Let’s return for a moment to the symbolism of the Olympics Opening Ceremony. It is massively important, for a reason that London-based writer Mike Starkey explains in this must-read blog post. Starkey focuses on liberal Christians who dismissed other Christians’ objections to the blasphemous pageant. More broadly, he’s talking about the coping strategy that conservatives and normie liberals use to deal with things like this. Excerpts:
The context was the opening ceremony of an event that more than any other stands as a symbol of unity in a divided world.
The French have, of course, been poking fun at Christianity for centuries (a). My undergraduate degree was in French literature, and I enjoyed the provocations of Voltaire, Rousseau, Sartre et al. There’s a place for robust debate about the existence of God, the failings of the Church, and religious satire. No faith should be immune from having fun poked at it.
But the Olympics opening ceremony wasn’t a seminar room, or satirical review. It was the unifying ceremony of a global celebration of sport and goodwill, a celebration keen to encourage underrepresented regions of the world to take part.
The Cène on the Seine featured Western arty types parodying an iconic image of a faith which today is overwhelmingly African, Latin and Asian, and by far the most persecuted in the world. It was Westerners punching down – in a camp, knowing, superior sort of way.
In social justice circles today, imperialism and racism are viewed as original sins of Western culture. By a supreme irony, the drag parody of the Last Supper managed to be a distilled expression of both. It featured camp, arty, and mostly male Westerners, poking fun at a faith that is globally poor, ethnically mixed and majority black, persecuted, and predominantly female.

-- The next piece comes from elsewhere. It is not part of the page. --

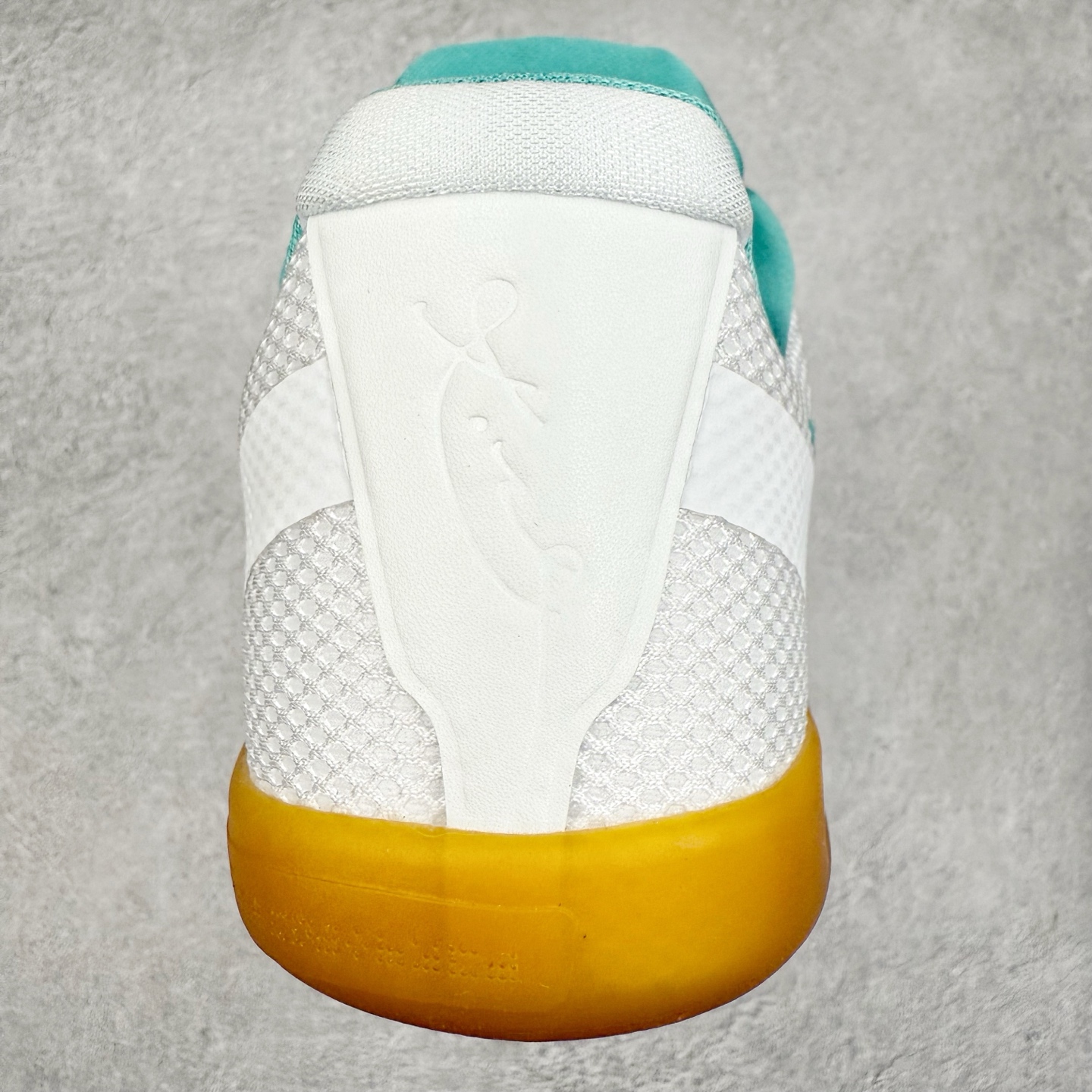 图片[8]-NK Kobe 11 Elite Low 科比11代实战篮球鞋 836184-103 科比退役前的最后一双签名鞋意义重大 Eric Avar这次采用了低帮的鞋身设计 并使用加强版的Flyknit编织面料作为鞋面 更加坚韧牢固 提供更好的保护 中底依日采用了混合缓震的设计 前掌的Lunarlon搭配后掌Zoom Air气垫 确保缓震性能的强劲 尺码：39 40 40.5 41 42 42.5 43 44 44.5 45 46 47.5 48.5-选品中心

This is such an important point! We all should know by now that the terms “diversity” and “inclusion” are Orwellian terms that mean the opposite of what those who deploy them as culture-war weapons say they mean. I had not thought until Starkey brought it up that the Olympic Games are the only globally shared event that stands for the essential unity of humanity, through athletic competition — and the French, those provincial cosmopolitans, used it to mock a religious faith that, globally speaking, is mostly poor, non-white, and female.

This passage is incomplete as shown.